Boris Johnson weakened by his troops

British Prime Minister Boris Johnson defended his measures against COVID-19 on Wednesday after an unprecedented rebellion by his troops that undermines his authority in the midst of the outbreak of the highly contagious Omicron variant.

Two years after his historic electoral victory, the conservative leader is weakened by a series of scandals, on conflicts of interest within his party or even parties in Downing Street at the end of 2020 in defiance of health rules. And he risks Thursday the loss of a conservative stronghold during a partial legislative test.

Tuesday evening, he accused a hard shock in the House of Commons: 99 deputies of his majority voted against the establishment of a health passport for major events.

It took the support of the Labor opposition to pass this flagship government measure to tackle the “tidal wave” of Omicron cases in a country that already has nearly 147,000 deaths from COVID-19.

A booster dose

Faced with a record of contamination on Wednesday since the start of the pandemic, at 78,610, Boris Johnson called on the population to be administered a booster dose, as part of a large-scale vaccination campaign, and defended his health policy.

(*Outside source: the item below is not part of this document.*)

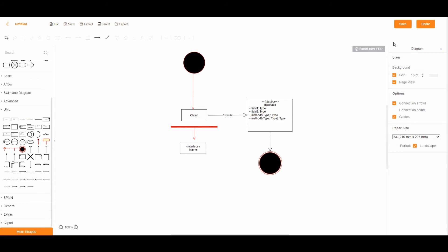Once done editing, you can click the save button to save your file on your cloud. Alternatively, you can click the export button and choose the file format that you want to download the file to your local hard drive.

He fights on the political front after suffering his biggest rebellion since coming to power. At the party level, only the former Prime Minister Theresa May had already suffered the worst setback since World War II, before being deposed by her own.

“We won the vote yesterday with the votes of the Conservatives,” said Boris Johnson during the weekly questioning session, particularly agitated.

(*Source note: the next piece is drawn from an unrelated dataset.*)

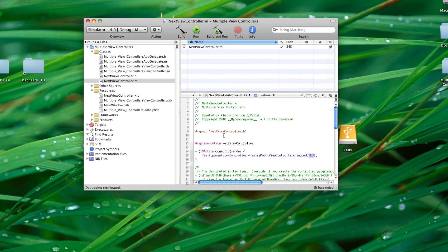So that was how to do multiple View Controllers with iPhone Objective-C. If you have any questions — I know I did this pretty fast — just leave comments below and I'll try to answer them as fast as possible. Thanks for watching, subscribe, and goodbye.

“I respect and understand the legitimate concerns of my colleagues regarding restrictions on their freedom,” he added, “but I believe that the approach we are taking is balanced, proportionate and fair for this country. “

Conservative MPs “were wrong to vote against basic health measures, but I can understand why, because they are angry with him,” Labor leader Keir Starmer told him, deeming the head of government “too weak to govern And asking if he had “the necessary confidence and authority.”

Very clear message

This rebellion marks the discontent of some Tories against health measures they deem liberticidal and detrimental to the British economy. But it is also a wider sanction vote against a government that is multiplying scandals.

The Prime Minister “received a very clear message yesterday that his colleagues are not happy with the way the government is operating right now,” Conservative MP Mark Harper told Times Radio.

According to him, “it all started several weeks ago”, when Boris Johnson tried to change the disciplinary rules of Parliament in favor of a Conservative MP, Owen Paterson, who had to resign over a lobbying affair.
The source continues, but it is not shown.